*** Opening GIVEN ENTRIES ***

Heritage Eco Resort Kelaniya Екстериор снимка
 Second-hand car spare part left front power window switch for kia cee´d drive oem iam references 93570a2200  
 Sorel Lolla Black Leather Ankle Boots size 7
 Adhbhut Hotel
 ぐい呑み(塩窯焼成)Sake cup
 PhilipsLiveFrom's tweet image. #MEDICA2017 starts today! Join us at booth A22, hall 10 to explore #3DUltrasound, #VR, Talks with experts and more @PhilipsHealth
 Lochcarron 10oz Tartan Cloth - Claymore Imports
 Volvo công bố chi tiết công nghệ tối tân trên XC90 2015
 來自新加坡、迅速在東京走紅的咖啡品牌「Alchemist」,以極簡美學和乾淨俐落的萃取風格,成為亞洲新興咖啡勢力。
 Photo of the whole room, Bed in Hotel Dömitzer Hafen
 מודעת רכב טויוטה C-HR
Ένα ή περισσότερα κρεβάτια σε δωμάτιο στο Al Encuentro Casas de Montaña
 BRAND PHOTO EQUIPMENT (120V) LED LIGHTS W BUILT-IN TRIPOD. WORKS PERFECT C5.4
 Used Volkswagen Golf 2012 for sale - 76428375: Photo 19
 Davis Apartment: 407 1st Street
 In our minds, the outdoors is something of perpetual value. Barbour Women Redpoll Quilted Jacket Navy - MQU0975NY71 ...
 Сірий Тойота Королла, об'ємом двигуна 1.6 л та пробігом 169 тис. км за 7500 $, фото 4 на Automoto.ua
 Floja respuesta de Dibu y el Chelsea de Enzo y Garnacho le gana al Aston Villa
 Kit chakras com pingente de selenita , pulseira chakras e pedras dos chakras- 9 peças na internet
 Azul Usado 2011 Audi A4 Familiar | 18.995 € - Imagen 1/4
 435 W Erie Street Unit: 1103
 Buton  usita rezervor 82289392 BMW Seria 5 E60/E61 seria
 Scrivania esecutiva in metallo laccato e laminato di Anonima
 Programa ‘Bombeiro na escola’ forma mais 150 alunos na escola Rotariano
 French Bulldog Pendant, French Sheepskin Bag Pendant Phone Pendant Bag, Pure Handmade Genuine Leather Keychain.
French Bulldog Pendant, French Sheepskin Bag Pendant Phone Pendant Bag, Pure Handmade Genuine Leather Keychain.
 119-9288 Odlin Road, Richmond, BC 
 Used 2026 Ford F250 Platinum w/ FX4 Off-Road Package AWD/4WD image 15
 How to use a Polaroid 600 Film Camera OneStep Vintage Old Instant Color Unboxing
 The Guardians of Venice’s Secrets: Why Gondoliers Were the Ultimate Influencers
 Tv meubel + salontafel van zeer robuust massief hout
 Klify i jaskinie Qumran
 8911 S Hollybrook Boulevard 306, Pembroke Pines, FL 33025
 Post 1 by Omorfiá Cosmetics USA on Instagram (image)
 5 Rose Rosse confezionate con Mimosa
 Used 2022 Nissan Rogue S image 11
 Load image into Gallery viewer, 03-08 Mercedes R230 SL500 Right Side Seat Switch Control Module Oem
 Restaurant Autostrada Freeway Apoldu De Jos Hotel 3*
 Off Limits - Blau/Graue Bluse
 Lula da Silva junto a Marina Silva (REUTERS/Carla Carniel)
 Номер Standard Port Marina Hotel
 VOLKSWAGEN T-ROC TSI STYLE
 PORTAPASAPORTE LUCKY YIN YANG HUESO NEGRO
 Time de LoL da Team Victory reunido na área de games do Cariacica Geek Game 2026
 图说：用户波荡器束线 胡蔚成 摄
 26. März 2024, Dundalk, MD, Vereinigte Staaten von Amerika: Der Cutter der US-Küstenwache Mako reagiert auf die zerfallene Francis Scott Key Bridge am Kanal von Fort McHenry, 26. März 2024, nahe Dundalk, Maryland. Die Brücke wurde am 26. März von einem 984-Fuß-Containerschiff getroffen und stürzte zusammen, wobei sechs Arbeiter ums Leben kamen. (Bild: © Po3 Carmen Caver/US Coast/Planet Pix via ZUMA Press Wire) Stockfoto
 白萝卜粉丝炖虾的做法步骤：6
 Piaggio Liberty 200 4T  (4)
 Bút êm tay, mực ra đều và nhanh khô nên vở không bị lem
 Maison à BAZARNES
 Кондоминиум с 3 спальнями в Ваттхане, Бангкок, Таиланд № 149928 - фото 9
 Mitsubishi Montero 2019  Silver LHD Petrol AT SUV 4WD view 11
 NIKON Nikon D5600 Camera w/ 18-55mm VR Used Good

*** Closing GIVEN ENTRIES ***

▶ **AIM OF THE EXERCISE**
Leave out every line above except those from the line with "How to use a" up to and including the line with "Номер Standard Port Marina Hotel", and copy those exactly.

▶ **RESULT OF THIS EXERCISE**
 How to use a Polaroid 600 Film Camera OneStep Vintage Old Instant Color Unboxing
 The Guardians of Venice’s Secrets: Why Gondoliers Were the Ultimate Influencers
 Tv meubel + salontafel van zeer robuust massief hout
 Klify i jaskinie Qumran
 8911 S Hollybrook Boulevard 306, Pembroke Pines, FL 33025
 Post 1 by Omorfiá Cosmetics USA on Instagram (image)
 5 Rose Rosse confezionate con Mimosa
 Used 2022 Nissan Rogue S image 11
 Load image into Gallery viewer, 03-08 Mercedes R230 SL500 Right Side Seat Switch Control Module Oem
 Restaurant Autostrada Freeway Apoldu De Jos Hotel 3*
 Off Limits - Blau/Graue Bluse
 Lula da Silva junto a Marina Silva (REUTERS/Carla Carniel)
 Номер Standard Port Marina Hotel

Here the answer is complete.